//

Zeitenwende

TITEL-Textfeld | Wolf Senff: Zeitenwende

Wir wissen herzlich wenig, sagte Farb, doch wir bilden uns wunder was darauf ein.

Und wer weiß, ob all unser derzeitiges Wissen nicht von Grund auf irreführend ist.

Gut möglich, Tilman.

Eine neue philosophische Theorie verlangt, das Konzept von Seele gänzlich anders darzustellen, das werde massive Auswirkungen auf unser Selbstbildnis haben, der Mensch werde gleichsam neu definiert.

Interessant, sagte Annika und blätterte in ihrem Reisemagazin.

Es gehe um ein Innenweltdogma, sagte Tilman, das es aufzulösen gelte.

Und was verberge sich hinter diesem Innenweltdogma.

Die erlebte Welt des Menschen teile sich in eine Außenwelt und eine Innenwelt.

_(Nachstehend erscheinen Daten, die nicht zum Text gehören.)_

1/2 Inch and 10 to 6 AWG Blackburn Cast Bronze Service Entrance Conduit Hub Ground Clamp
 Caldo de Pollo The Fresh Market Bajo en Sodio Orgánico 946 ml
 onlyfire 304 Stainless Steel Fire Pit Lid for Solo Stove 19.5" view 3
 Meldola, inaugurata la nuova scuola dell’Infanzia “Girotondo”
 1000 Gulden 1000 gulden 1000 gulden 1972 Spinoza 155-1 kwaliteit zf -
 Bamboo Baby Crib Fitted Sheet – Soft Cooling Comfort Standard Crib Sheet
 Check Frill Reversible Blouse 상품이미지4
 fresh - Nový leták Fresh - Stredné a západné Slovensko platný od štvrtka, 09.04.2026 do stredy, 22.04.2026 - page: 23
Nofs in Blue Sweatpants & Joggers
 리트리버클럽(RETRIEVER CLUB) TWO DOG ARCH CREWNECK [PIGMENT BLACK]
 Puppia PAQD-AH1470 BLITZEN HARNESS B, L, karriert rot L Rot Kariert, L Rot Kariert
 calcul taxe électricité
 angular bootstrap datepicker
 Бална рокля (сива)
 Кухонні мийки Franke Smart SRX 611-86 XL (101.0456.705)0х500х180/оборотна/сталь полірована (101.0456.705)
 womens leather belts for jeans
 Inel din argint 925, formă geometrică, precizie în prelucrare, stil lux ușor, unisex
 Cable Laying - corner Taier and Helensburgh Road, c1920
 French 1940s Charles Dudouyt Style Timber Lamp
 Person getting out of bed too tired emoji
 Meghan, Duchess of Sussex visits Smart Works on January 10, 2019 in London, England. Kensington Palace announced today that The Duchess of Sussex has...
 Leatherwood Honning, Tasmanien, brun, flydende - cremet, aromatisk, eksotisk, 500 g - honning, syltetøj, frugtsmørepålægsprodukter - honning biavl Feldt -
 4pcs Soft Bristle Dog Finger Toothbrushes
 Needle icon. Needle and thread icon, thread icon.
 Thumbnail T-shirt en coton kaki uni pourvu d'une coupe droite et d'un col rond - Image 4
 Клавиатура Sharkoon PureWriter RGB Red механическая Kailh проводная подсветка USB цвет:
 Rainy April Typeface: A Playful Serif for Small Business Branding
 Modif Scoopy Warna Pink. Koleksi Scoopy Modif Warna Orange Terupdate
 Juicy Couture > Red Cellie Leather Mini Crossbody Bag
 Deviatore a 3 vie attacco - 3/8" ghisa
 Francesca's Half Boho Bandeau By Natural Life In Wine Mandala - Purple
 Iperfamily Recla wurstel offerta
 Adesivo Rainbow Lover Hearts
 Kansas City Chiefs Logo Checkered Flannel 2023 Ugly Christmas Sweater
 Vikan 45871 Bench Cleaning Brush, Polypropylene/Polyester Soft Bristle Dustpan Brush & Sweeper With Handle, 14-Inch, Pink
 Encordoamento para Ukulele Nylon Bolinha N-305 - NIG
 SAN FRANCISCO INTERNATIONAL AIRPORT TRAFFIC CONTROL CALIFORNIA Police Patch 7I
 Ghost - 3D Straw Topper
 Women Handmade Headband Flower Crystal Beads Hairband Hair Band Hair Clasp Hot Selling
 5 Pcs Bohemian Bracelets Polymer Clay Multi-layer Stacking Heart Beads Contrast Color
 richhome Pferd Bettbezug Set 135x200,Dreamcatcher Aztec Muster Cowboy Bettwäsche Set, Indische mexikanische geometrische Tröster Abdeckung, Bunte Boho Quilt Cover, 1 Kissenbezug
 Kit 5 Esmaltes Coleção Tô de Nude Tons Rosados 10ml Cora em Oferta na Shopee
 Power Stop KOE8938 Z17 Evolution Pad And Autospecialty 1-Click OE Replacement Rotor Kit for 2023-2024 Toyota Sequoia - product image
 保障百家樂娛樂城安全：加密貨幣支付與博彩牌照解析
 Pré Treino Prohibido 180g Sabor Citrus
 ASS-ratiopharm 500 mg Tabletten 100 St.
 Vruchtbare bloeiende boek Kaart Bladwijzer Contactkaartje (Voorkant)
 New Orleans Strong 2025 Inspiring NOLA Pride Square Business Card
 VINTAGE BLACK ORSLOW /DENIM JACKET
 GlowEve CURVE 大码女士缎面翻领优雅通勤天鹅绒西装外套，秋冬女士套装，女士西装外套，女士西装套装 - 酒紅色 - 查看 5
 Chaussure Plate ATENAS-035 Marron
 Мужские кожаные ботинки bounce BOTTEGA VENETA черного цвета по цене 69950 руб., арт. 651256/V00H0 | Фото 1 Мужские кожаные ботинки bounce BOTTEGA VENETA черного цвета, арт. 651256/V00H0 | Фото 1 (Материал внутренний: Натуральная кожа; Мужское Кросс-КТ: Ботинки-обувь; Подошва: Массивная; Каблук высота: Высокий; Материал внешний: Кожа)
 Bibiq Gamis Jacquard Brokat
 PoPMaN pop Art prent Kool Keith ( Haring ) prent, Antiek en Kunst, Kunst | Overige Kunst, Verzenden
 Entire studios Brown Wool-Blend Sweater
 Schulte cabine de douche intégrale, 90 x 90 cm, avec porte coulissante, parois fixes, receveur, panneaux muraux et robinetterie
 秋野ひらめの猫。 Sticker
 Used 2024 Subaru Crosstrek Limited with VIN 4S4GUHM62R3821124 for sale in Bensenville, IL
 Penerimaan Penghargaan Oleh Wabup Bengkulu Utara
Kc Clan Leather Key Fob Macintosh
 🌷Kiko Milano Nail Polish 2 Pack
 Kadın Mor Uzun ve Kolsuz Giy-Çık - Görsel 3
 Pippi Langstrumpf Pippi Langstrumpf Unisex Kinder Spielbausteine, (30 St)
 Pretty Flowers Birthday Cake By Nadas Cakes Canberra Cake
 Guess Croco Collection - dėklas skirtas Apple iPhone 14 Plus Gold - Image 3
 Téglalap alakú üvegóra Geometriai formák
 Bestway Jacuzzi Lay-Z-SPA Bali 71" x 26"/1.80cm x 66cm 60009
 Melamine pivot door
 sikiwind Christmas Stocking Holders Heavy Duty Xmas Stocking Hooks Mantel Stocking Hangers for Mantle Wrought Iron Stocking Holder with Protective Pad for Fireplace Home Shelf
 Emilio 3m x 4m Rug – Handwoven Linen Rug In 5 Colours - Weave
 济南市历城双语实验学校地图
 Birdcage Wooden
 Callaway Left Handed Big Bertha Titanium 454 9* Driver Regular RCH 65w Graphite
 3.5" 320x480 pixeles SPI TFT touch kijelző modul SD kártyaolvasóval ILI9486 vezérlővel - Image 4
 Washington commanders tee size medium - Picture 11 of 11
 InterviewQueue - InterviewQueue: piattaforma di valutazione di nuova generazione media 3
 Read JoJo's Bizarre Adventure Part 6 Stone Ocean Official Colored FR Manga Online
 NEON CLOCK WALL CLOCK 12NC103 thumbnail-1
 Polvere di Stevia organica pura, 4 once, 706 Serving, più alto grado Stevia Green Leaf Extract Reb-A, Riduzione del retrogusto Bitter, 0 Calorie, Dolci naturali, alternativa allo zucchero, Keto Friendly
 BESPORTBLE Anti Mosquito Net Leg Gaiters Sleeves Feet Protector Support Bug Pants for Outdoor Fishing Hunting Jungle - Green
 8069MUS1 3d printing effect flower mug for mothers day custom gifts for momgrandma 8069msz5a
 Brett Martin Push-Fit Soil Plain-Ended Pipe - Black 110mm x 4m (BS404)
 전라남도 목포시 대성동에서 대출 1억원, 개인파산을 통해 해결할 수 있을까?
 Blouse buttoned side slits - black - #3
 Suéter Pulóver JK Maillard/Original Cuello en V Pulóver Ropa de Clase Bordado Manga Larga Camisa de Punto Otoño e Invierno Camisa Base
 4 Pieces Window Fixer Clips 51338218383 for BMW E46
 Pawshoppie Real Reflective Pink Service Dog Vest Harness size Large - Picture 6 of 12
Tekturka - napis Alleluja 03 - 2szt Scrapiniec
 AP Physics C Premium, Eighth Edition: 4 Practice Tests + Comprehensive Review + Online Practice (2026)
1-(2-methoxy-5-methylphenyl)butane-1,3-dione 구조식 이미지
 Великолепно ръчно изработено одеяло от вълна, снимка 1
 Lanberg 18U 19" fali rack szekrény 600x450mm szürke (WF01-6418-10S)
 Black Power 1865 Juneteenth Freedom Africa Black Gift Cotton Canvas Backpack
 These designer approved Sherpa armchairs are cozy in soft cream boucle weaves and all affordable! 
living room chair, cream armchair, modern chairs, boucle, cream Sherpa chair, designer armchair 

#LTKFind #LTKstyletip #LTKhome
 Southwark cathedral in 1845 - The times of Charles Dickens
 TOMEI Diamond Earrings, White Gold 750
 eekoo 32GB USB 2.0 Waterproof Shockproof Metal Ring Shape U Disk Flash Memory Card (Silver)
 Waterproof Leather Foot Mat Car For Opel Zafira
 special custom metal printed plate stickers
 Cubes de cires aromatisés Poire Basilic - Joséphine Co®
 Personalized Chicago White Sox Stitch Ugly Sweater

Was solle daran neu sein, fragte Farb.

Eben, sagte Tilman, sie arbeiten daran, dieses Dogma zu kippen.

Spannend, sagte Annika.

Farb tat sich eine Pflaumenschnitte auf.

Tilman schenkte Tee ein, Yin Zhen, es war ein frühsommerlicher Nachmittag, sie hatten wie üblich das Drachenservice aufgedeckt, rostrot, sie besaßen es auch lindgrün, doch das benutzten sie selten, und reichte Farb einen Löffel Schlagsahne.

Sie eliminieren die sogenannte Innenwelt, die seit den Anfängen der Philosophie eine feste Basis unseres Menschenbildes ist, wir können sie nun vergessen, und schwupp – die Welt ist nicht mehr, was sie noch gestern war.

Farb verteilte die Sahne akribisch auf seiner Pflaumenschnitte.

Es existiere keine Seele mehr, fragte er, und ob das nicht hanebüchener Unsinn sei, wie könne er sich das vorstellen.

Doch, schon, nur daß sie weder im Gehirn noch im Herzen zu lokalisieren sei und auch sonst nirgends.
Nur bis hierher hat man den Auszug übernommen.